I will forever prefer to get my start learning new social dances in this way: free 1/2 hour to 1 hour lesson, followed by a night of social dancing. Thanks, UBC Dance Club and Sunday Afternoon Salsa for starting me off on the right foot. 🙂

Alright — so I have been uber-bad about updating this blog, because I’ve instead started using long Facebook posts to record of my dance progress.

Today’s post, I thought, was worth re-posting, because it’s important advice that I think anyone who is just starting out social dancing (or who is learning a new social dance style) should keep in mind,

Here is the post:

“Today reinforced my perspective that social dancing is super-important to do as soon as possible in partner dancing. Unless you can afford private lessons, you will very likely only learn how to back lead during your first set of lessons (and second, third, fourth, etc. — if you continue to retake classes without trying moves out for real). You will also potentially develop bad technique, because, as a follow, you are essentially limited by the progress of your lead (leads too, if you get a full class of back leaders).

For example: No lead in any beginner tango class I have ever taken has ever been able to make follows cross properly, and I am now always the retarded follow who refuses to cross until leads learn how to make me cross, rather than doing it myself as part of a pattern. Learning your half of the move means nothing if you don’t understand what you should be feeling in order to be expected to execute a move.

And it is next to impossible to understand the connection and posture in WCS unless you dance with people who already know what they are doing.

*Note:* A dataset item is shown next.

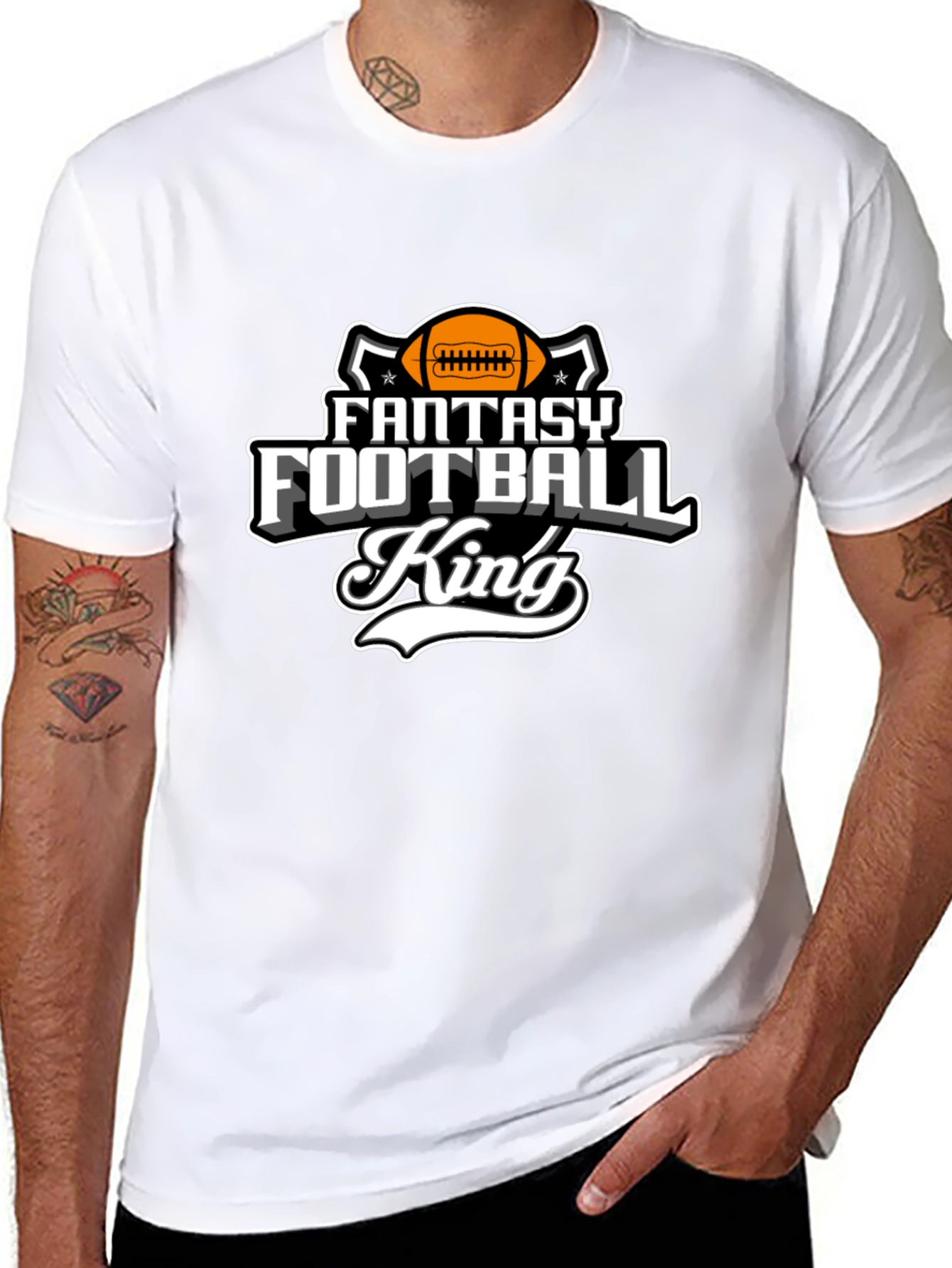 Fantasy Football King Black T-Shirt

I say all this because I know there are so many people out there who just keep repeating lessons over and over and over again, thinking that doing so is “preparing” them more each time. During my tango class rotation, I danced with a lead who had taken the class multiple times with his girlfriend, and his leading surprisingly did not feel very different from all the other leads who were taking the class for the first time. I think the reason why leads never learn the cross properly is because EVERY follow back leads the move after they learn where they need to do it.

Long explanation short: START SOCIAL DANCING ASAP.

Get your basic step/basics down so you are not completely ignorant, and then set aside a full afternoon or night of dancing to feel what it’s like to social dance the dance. It will help you connect the dots and prevent/stop bad habits from forming.”

Yeah, I write effing long Facebook posts. 😛

 

Also want to point out that becoming a part of a dance’s social scene also makes it possible for you to start asking for feedback or tips on little things you need to work on or don’t quite get.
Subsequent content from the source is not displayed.